4403 posts in 3377 days

#3 posted 07-12-2013 11:08 PM

If the Veritas and Starret tooling is not accurate enough for woodworking, you’re sunk. I can’t imagine needing any finer accuracy. It the machines won’t tune with those devices,.........oh well.
Having said that, “totally” and “perfectly flat” are terms not often used in woodworking. Space ships? YEP!!!
Just remember that the wood you true up today is gonna have some different dimensions tomorrow unless you live in the desert or the arctic. Wood moves, but don’t be intimidated by the .0000…. stuff.
Maybe I need to start a site about WOOD REALITY…..........NOT!
Keep in mind that the classic woodworkers built stuff that has lasted for generations without being able to measure to the nearest gazzilionth (is that a real word) of an inch, meter, micron, etc.
Set ‘er up, and get after the woodworkin’. :)
All comments are meant to be constructive. Same as if you were sittin’ in my shop, and drinkin’ my coffee (or anything else).


View SeattleD's profile


15 posts in 1216 days

#4 posted 07-17-2013 10:58 PM

Thanks for the replies. I agree that woodworking doesn’t require the same tolerances as, say, machining cylinder heads, something I do need to remind myself of now and then. By the same token though, if I’m paying significant $$$ for a machine tool which claims to be able to deliver a certain level of precision, I do expect the tool itself to be accurately constructed. I mentioned I had a 6” Delta jointer about 12 years ago, which came with a very warped fence (middle of the fence was cupped inward more than 1/32”). This is unacceptable, and the replacement Delta sent was even worse. You’re not going to get precision out of the machine which is any better than its own construction tolerances, and things like a fence which is that distorted are not acceptable to me.

-- David

View pintodeluxe's profile


4824 posts in 2230 days

#5 posted 07-17-2013 11:32 PM

I just picked up a Delta DJ-20 8” jointer.
I would take your straightedge to make sure that the infeed table, outfeed table, and fence are flat. Don’t worry about coplanar yet, because that can be adjusted. Hear the motor run, and take a scrap and some push paddles to give it a try.
I hear people say that thousandths of an inch doesn’t apply to woodworking but… the jointer is one tool it does matter. Multiple passes compound any errors, so I shoot for coplanar to within .002”.

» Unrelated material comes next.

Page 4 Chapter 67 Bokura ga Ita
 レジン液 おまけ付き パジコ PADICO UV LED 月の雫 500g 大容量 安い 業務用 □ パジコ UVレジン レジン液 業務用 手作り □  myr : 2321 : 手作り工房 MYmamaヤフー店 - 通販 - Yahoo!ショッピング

Mobile base? Dust Collection? Power? 110 vs 220?
All good questions to answer.

-- Willie, Washington "If You Choose Not To Decide, You Still Have Made a Choice" - Rush

View NiteWalker's profile


2735 posts in 1994 days

#6 posted 07-17-2013 11:46 PM

Watch Marc’s video on jointer setup.

-- He who dies with the most tools... dies with the emptiest wallet.